Due generazioni
di Lorenzo Cazzulani
Tchaïka è uno spettacolo incentrato sul peso della vecchiaia. Un’anziana attrice soffre la delusione di sentirsi messa da parte da chi è più giovane di lei, più forte, più ambizioso; il rifiuto di accettare gli anni ormai trascorsi della sua vita, la spingono verso la consapevolezza di un’amara realtà, ovvero comprendere, una volta per tutte, di dover fare un passo indietro e cedere il posto a una nuova generazione.
Lo spettacolo è costruito attraverso concetti e impostazioni minimali: la presenza umana sulla scena è una sola, e non, come sarebbe logico intuire, quella di un’anziana attrice, esperta e carismatica; bensì quella di una giovane interprete, straordinariamente abile nel maneggiare alla perfezione il manichino, curato fin nei minimi dettagli, che impersona una vecchia stella della recitazione, oramai incamminata sul viale del tramonto.
Regia e luci vengono adoperate senza sbavature; la delicatezza con cui si muovono nasconde quasi la loro stessa presenza, tanto da scomparire nell’economia della messinscena, fondendosi omogeneamente agli altri elementi che compongono la rappresentazione visiva restituita al fruitore dell’opera. La luce diviene precisa e penetrante nei momenti più significativi; essa illumina il tavolo, ricoperto da un pesante telo bianco, tanto da evocare un magazzino ricolmo di roba dismessa; e così la vecchia poltrona in velluto; entrambi gli oggetti emergono con l’ausilio del fascio luminoso, balzando in primo piano, mentre il resto ricade nel buio dello sfondo.
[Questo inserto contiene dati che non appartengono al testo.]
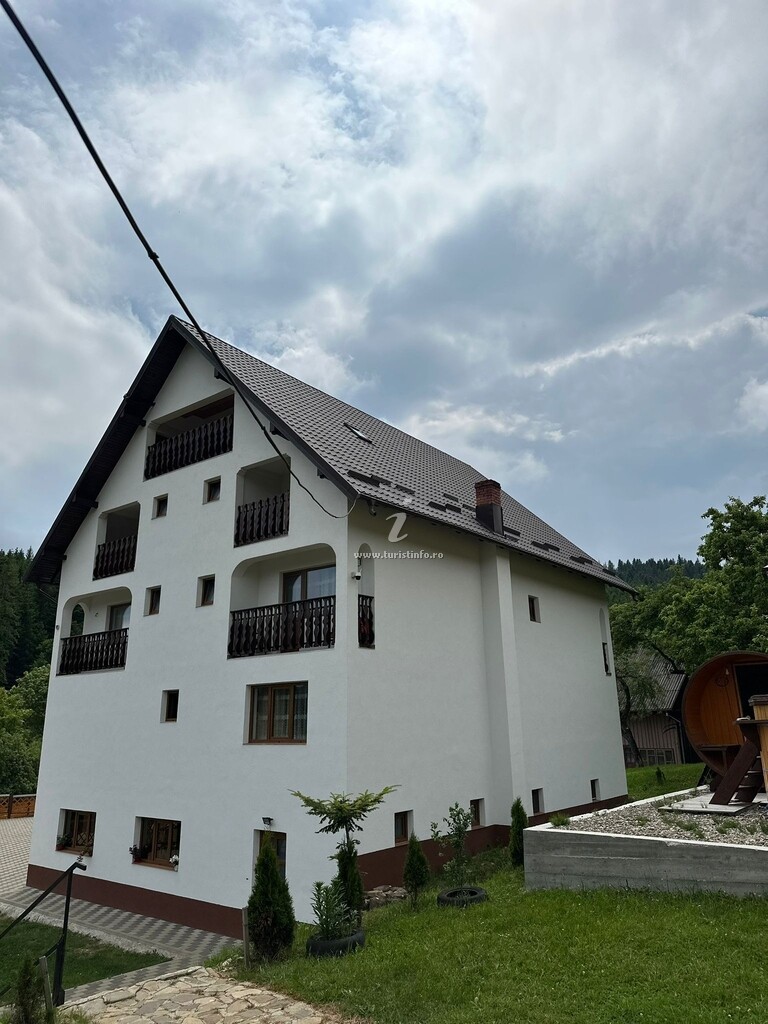 Camere de închiriat Casa Geta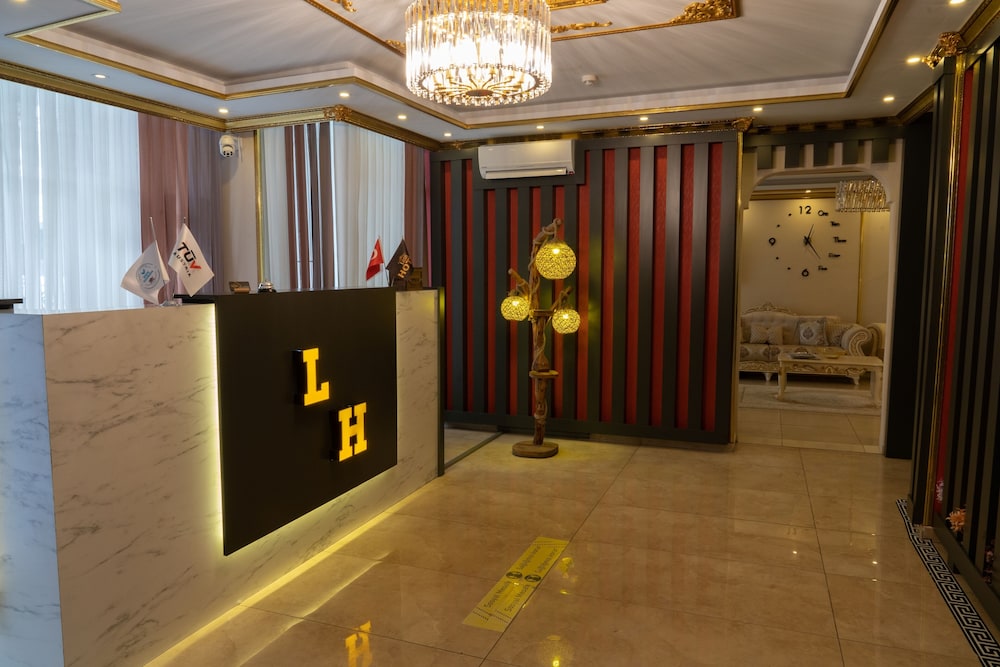 Loss Hotel - Image 8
La polvere soffiata dalla sola attrice presente sul palco, in un istante carico di plasticità visiva all’interno della rappresentazione, diviene per un momento la protagonista assoluta, toccata dal fascio luminoso che ne fissa l’immobilità sulla scena. Un attimo di silenzio: la sala intera respira profondamente l’immagine prodotta dal connubio di luci, recitazione e polvere che si alza verso il soffitto del teatro.
Inserito nel contesto rappresentativo della “Grande età”, Tchaïka restituisce ottimamente l’idea di una fase decadente della vita fisiologica umana, la terza età, carica di tensioni agrodolci. Lo schema recitativo, secondo cui l’attrice in scena è legata fisicamente dietro all’anziana marionetta di cui tira i fili, mette in mostra l’immagine di come ci sia una generazione nuova pronta a soppiantare quella precedente; letteralmente, dalla schiena della vecchiaia nasce una nuova vita, una nuova prospettiva e nuove ambizioni.
Resta forse sullo sfondo il giudizio complessivo con cui la messinscena valuta la fase anziana della vita; un giudizio che non emerge mai in primo piano, rimanendo ambiguo e inafferrabile. Tuttavia, è probabilmente lo scopo ultimo dell’opera: riflettere sull’esistenza umana, precisamente su di un particolare scorcio, astenendosi dal giudicare.